------ Dataset excerpts

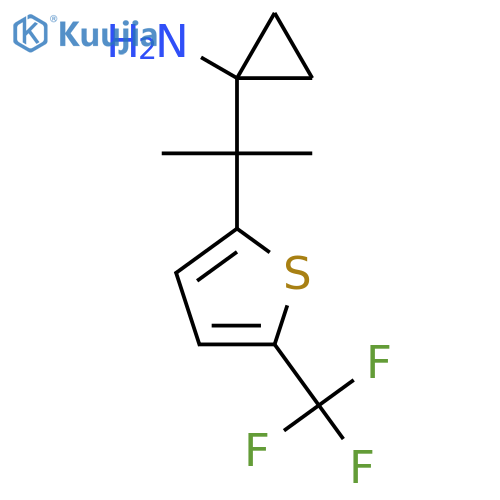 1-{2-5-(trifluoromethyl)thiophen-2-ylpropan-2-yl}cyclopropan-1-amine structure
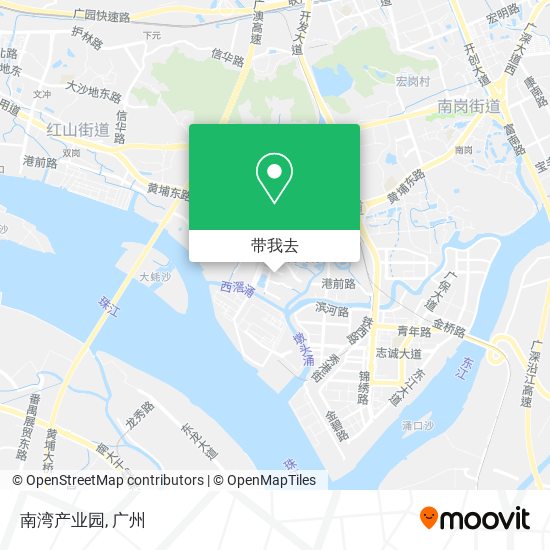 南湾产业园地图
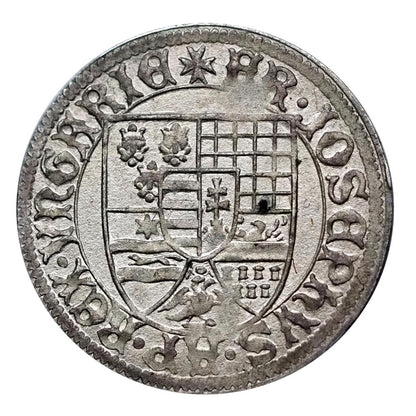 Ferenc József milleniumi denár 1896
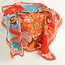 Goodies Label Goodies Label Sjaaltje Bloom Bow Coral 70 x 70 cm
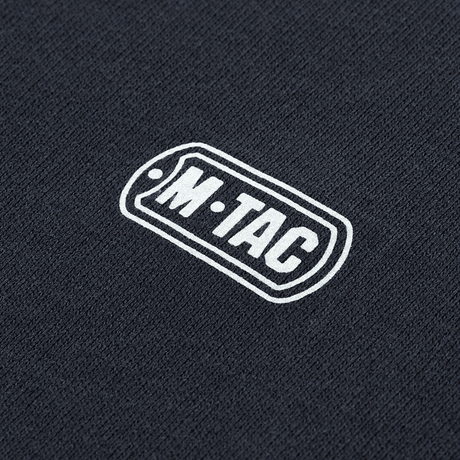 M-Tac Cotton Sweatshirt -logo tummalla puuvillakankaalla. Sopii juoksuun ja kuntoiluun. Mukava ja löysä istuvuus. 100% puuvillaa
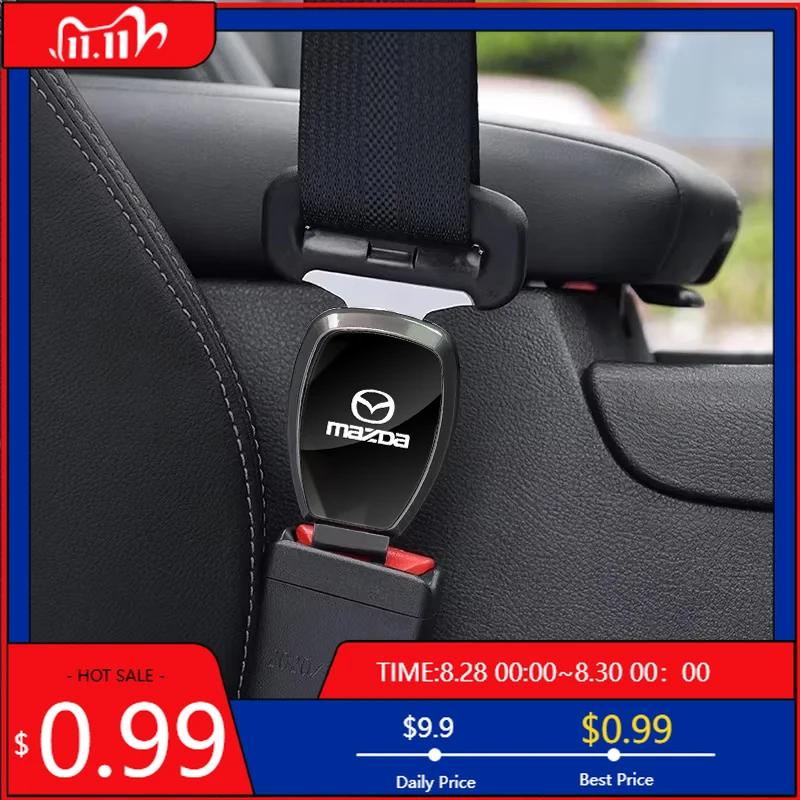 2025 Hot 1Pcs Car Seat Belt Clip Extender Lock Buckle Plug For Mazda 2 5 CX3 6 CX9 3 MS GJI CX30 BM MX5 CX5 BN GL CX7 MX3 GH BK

------------
------ Dataset excerpts

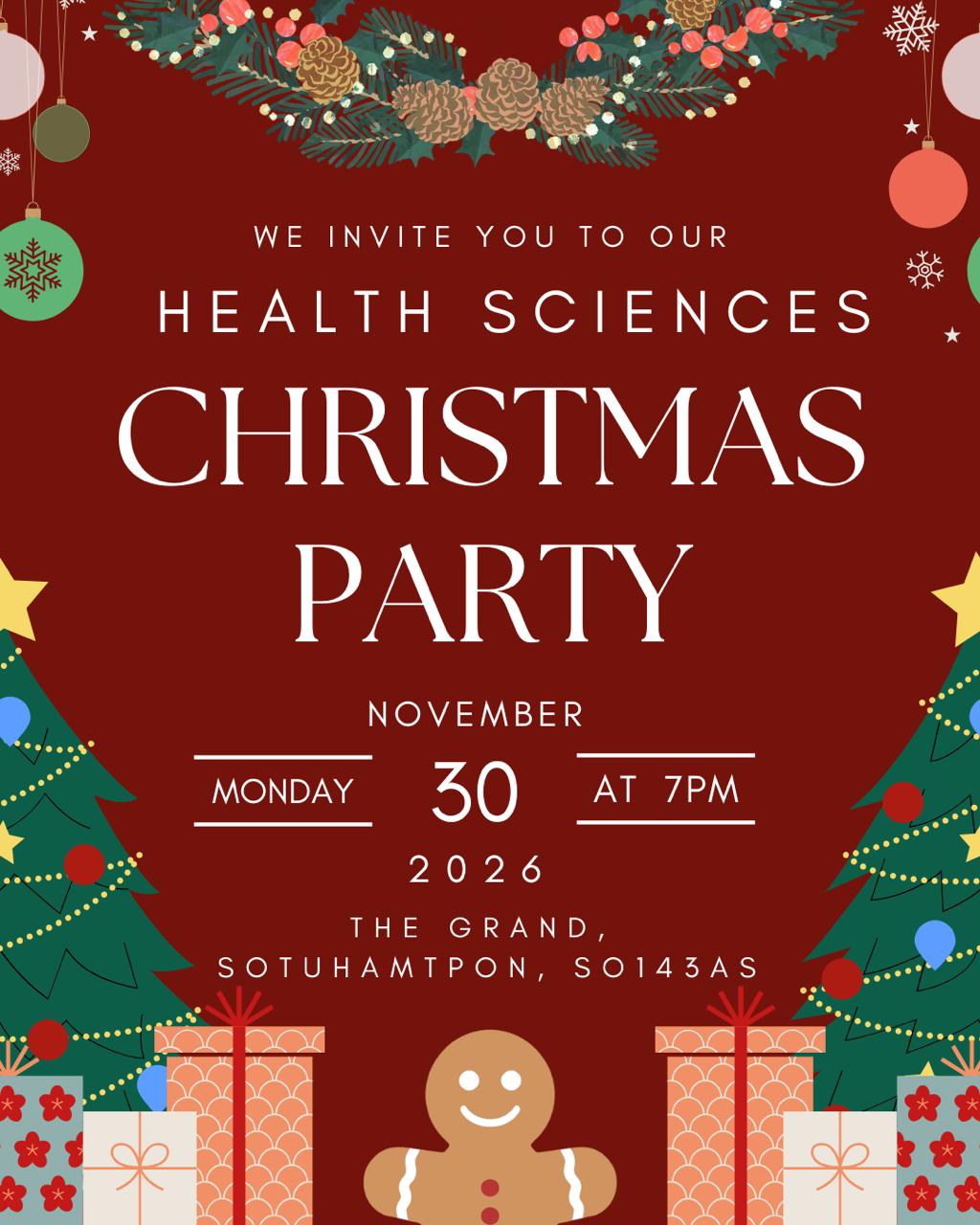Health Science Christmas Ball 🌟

------------

In the listing above, find the line with "Ferenc József milleniumi denár 1896" and output it and every line after it up to and including the line with "M-Tac Cotton Sweatshirt", exactly, minus the pictures.

 Ferenc József milleniumi denár 1896
 Goodies Label Goodies Label Sjaaltje Bloom Bow Coral 70 x 70 cm
 M-Tac Cotton Sweatshirt -logo tummalla puuvillakankaalla. Sopii juoksuun ja kuntoiluun. Mukava ja löysä istuvuus. 100% puuvillaa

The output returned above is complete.